The order will also seek to correct the records of service members who were adversely affected by the previous ban.

Flanked by Vice President Kamala Harris and Defense Secretary Lloyd Austin, President Joe Biden signs an executive order in the Oval Office of the White House on January 25, 2021, in Washington, D.C.

President Joe Biden issued an executive order on Monday lifting former President Donald Trump’s ban on transgender troops from being able to serve in the United States armed forces.

The move rescinds Trump’s previous order, which itself sought to reverse an Obama-era policy that had allowed transgender individuals to serve openly in the military.

“It’s simple: America is safer when everyone qualified to serve can do so openly and with pride,” Biden said in a tweet after the order was announced.

Trump’s original ban was announced in a series of tweets in July 2017. The former president had claimed at the time that he had been in “consultation with [his] generals and military experts” before he made the decision, but the Pentagon was reportedly taken by surprise by the sudden announcement made by Trump that day.

Trump’s ban has been wildly unpopular, with seven in ten Americans in favor of letting transgender individuals serve, according to a Gallup poll conducted in 2019. Even among cisgender military members, two-thirds of those surveyed in a 2020 University of California, Los Angeles poll said they supported an inclusive policy versus Trump’s discriminatory ban.

In addition to rescinding the ban imposed by Trump, Biden’s executive order will also require corrections to the records of military personnel who were harmed by the former president’s restrictive and discriminatory order. According to a fact sheet produced by the White House, the new order will start the process of “identification and examination of the records of service members who have been involuntarily separated, discharged, or denied reenlistment or continuation of service on the basis of gender identity.”

Per figures produced by the National Center for Transgender Equality and the Transgender American Veterans Association, the order from Biden will affect as many as 15,000 service members.

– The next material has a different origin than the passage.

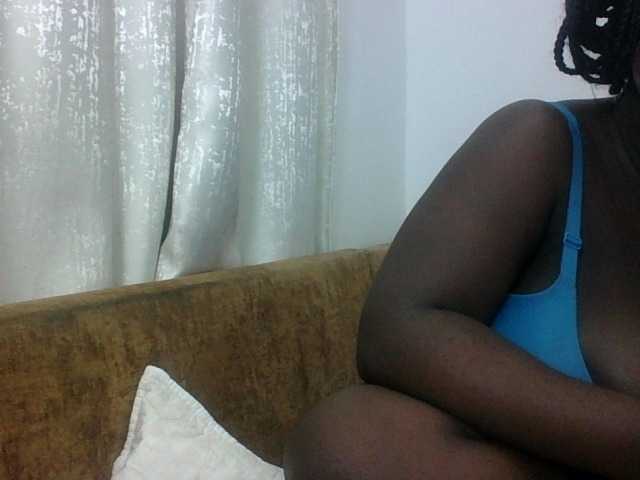 Hotybobbies live cam on BongaCams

Although many are lauding the lifting of the ban as a civil rights victory, some have questioned whether seeking such “wins” through the military might have negative or unintended consequences for the LGBTQ community. Matthew Byrne, a queer graduate student in sociology at the University of California, Riverside, who studies the intersections of gender, sexuality and militarism, pointed out in an article for Truthout in February 2019 that,

Though advocating for the civil right of military enlistment may seem like a solution to inequality and violence against LGBT people, it is a Pyrrhic victory that is damaging in the long run. The military must not be our singular path to liberation. More important than protecting LGBT people’s civil right to enlist is ensuring everyone’s human right to not need to enlist.

“Government decisions on this topic mainly reflect whether the state sees trans folks as instrumental to the project of hegemony or as an affront to ‘American values,'” Sydney Roberts, a queer, nonbinary labor rights activist, said in an article for Truthout after Trump’s ban was initially announced in 2017.